[WHAT THE TASK REQUIRES] The response should consist only of the lines from the one with "Cozy Beach Apartments Makarska Exteriör bild" to the end of the data below, copied exactly and without pictures.

[DATASET CONTENT]
-- Opening Marker --

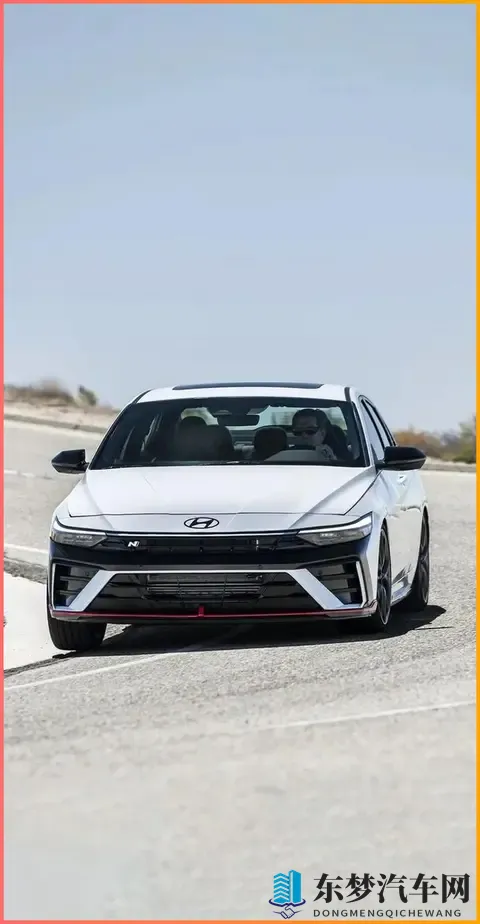 火辣辣welcome：全新SUV评测：个性张扬，科技感十足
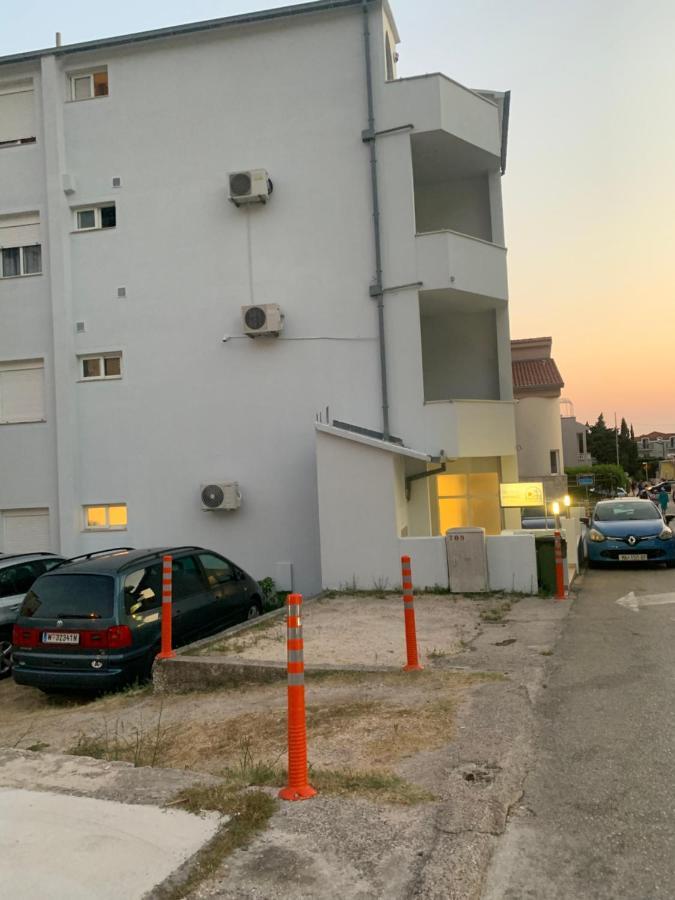 Cozy Beach Apartments Makarska Exteriör bild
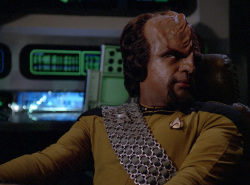 MICHAEL DORN "WORF" STARFLEET UNIFORM FROM STAR TREK: THE NEXT GENERATION (SECOND SEASON) WITH DVD - 6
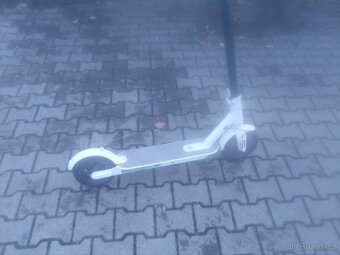 Elektrokolobezka Xiaomi - 3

-- Closing Marker --

[REPLY]
 Cozy Beach Apartments Makarska Exteriör bild
 MICHAEL DORN "WORF" STARFLEET UNIFORM FROM STAR TREK: THE NEXT GENERATION (SECOND SEASON) WITH DVD - 6
 Elektrokolobezka Xiaomi - 3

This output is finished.